Jerman, Denmark, dan Swedia menduga kebocoran pipa gas Rusia di Laut Baltik ini merupakan sebuah serangan.
Namun hingga kini belum jelas apa penyebab kebocoran jaringan pipa Nord Stream yang dibangun Rusia dan mitra Eropa senilai miliaran dolar itu.
Menteri Ekonomi Jerman, Robert Habeck mengatakan kepada para pemimpin bisnis bahwa kebocoran itu karena serangan yang ditargetkan pada infrastruktur, lapor Reuters.
Ia yakin kejadian tersebut bukan disebabkan fenomena alam, atau suatu peristiwa atau kelelahan material.
Senada dengan Jerman, Perdana Menteri Swedia dan Denmark mengatakan kebocoran jelas disebabkan oleh tindakan yang disengaja hingga diduga disabotase.
Baca juga: Rusia Klaim Menang dalam Referendum Ukraina, Zelensky: Tidak Ada yang Perlu Dibicarakan
Sementara itu, Perdana Menteri Polandia menuduh ada pihak yang menyabotase, tanpa mengutip bukti.
Rusia, yang memangkas pengiriman gas ke Eropa setelah Barat memberlakukan sanksi atas invasi ke Ukraina, juga menduga adanya sabotase.

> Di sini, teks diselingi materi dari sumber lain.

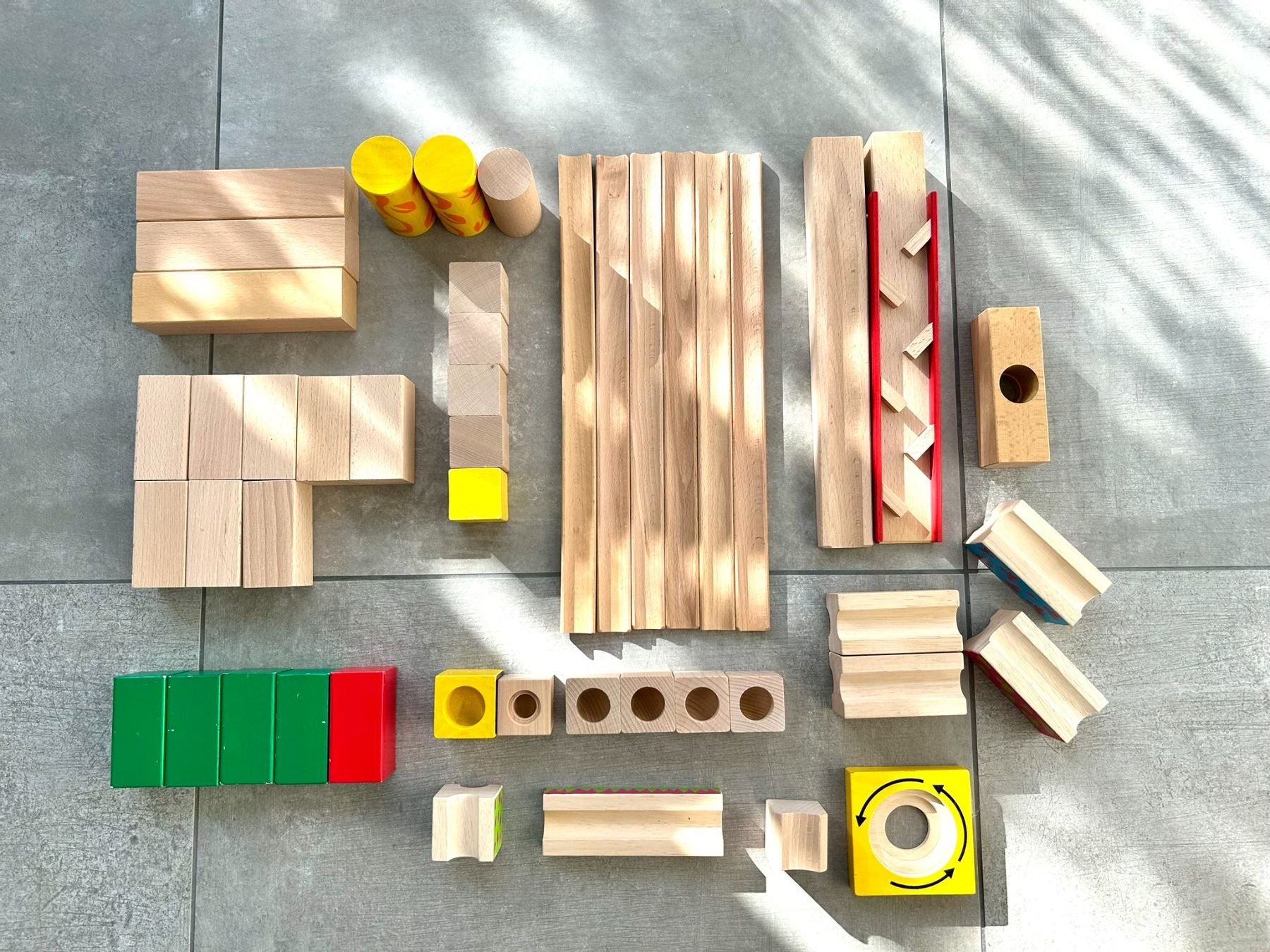 Giocattoli: Kugelbahnteile aus Holz – Usato da Corminboeuf venduto da Ld6NVToZQe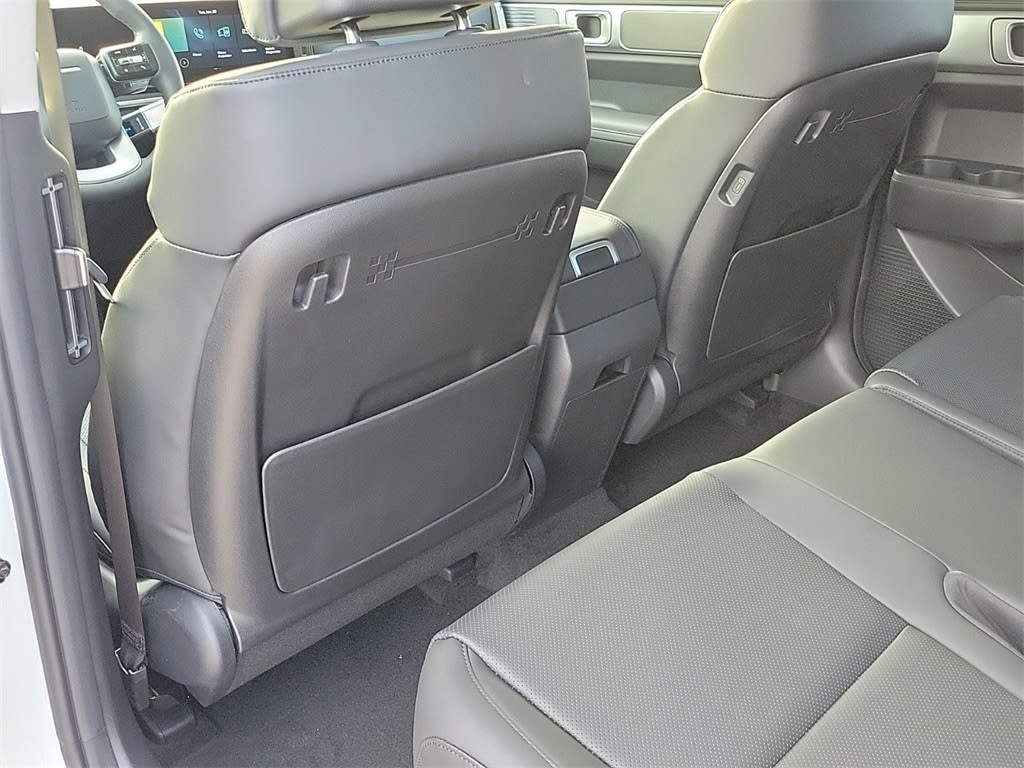 2025 Hyundai Santa Fe SEL 16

Pihaknya juga memperingatkan bahwa kebocoran pipa gas mengancam keamanan energi di Eropa.
Seorang pejabat senior Ukraina menyebut insiden itu merupakan ulah Rusia untuk mengacaukan Eropa, namun tak memberikan bukti.
"Kami melihat dengan jelas bahwa itu adalah tindakan sabotase, terkait dengan langkah selanjutnya dari eskalasi situasi di Ukraina," kata Perdana Menteri Polandia, Mateusz Morawiecki pada pembukaan pipa baru antara Norwegia dan Polandia.
Perdana Menteri Swedia, Magdalena Andersson, mengatakan pada konferensi pers bahwa dua ledakan telah terdeteksi sehubungan dengan kebocoran.
Seismolog di Denmark dan Swedia mengaku telah mencatat dua ledakan kuat pada hari Senin di sekitar titik kebocoran.
"Sinyal tidak menyerupai sinyal dari gempa bumi. Mereka menyerupai sinyal yang biasanya direkam dari ledakan," kata Survei Geologi Denmark dan Greenland (GEUS).